━━ Dataset excerpt
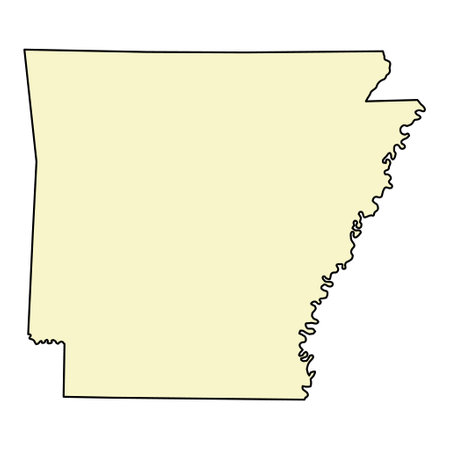 Arkansas map shape, united states of america. Flat concept icon symbol vector illustration.のイラスト素材
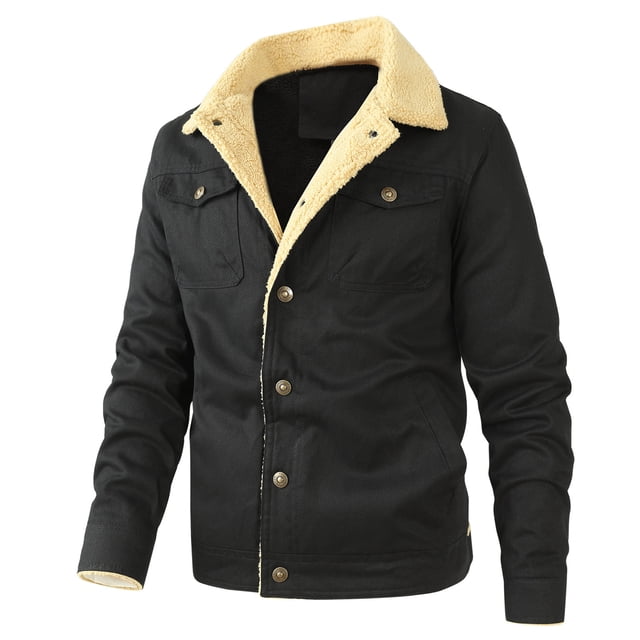 KIHOUT Mens Spring Winter Coat Casual Pure Color Fashion Turn-down Collar Down Button Cardigan Warm Cotton Jacket,Size S-3XL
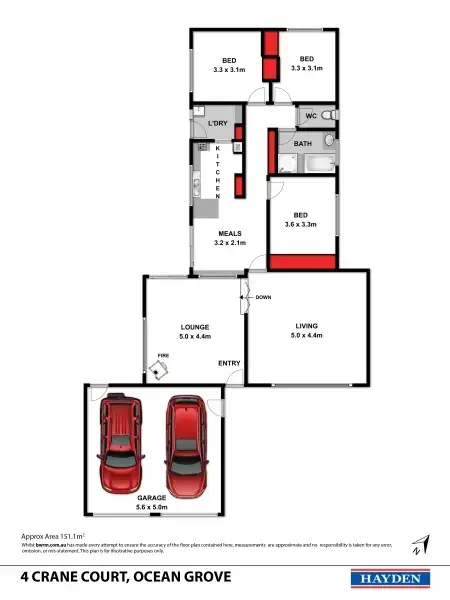 Floorplan of Homely house listing, 4 Crane Court, Ocean Grove VIC 3226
━━━━
Problem description.
In your copy of the listing, please omit the pictures and keep every word exact.

Final answer.
 Arkansas map shape, united states of america. Flat concept icon symbol vector illustration.のイラスト素材
 KIHOUT Mens Spring Winter Coat Casual Pure Color Fashion Turn-down Collar Down Button Cardigan Warm Cotton Jacket,Size S-3XL
 Floorplan of Homely house listing, 4 Crane Court, Ocean Grove VIC 3226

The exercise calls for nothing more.